- Exercise aim -
Set down the records that follow exactly, every line of them.

- Excerpts from a dataset -
+-------+
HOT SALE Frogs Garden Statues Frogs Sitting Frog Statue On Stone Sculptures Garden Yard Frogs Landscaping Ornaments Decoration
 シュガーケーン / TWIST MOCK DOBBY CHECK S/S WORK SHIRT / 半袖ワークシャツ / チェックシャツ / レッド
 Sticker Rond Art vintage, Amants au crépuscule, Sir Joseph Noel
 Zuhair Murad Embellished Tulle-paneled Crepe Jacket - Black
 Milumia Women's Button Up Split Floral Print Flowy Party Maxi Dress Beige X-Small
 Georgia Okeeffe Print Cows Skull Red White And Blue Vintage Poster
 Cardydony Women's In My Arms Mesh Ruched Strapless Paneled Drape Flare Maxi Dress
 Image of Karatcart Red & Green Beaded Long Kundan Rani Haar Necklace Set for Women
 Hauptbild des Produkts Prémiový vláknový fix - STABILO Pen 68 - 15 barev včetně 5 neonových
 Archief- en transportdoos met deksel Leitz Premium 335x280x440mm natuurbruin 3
+-------+
- Exercise response -
HOT SALE Frogs Garden Statues Frogs Sitting Frog Statue On Stone Sculptures Garden Yard Frogs Landscaping Ornaments Decoration
 シュガーケーン / TWIST MOCK DOBBY CHECK S/S WORK SHIRT / 半袖ワークシャツ / チェックシャツ / レッド
 Sticker Rond Art vintage, Amants au crépuscule, Sir Joseph Noel
 Zuhair Murad Embellished Tulle-paneled Crepe Jacket - Black
 Milumia Women's Button Up Split Floral Print Flowy Party Maxi Dress Beige X-Small
 Georgia Okeeffe Print Cows Skull Red White And Blue Vintage Poster
 Cardydony Women's In My Arms Mesh Ruched Strapless Paneled Drape Flare Maxi Dress
 Image of Karatcart Red & Green Beaded Long Kundan Rani Haar Necklace Set for Women
 Hauptbild des Produkts Prémiový vláknový fix - STABILO Pen 68 - 15 barev včetně 5 neonových
 Archief- en transportdoos met deksel Leitz Premium 335x280x440mm natuurbruin 3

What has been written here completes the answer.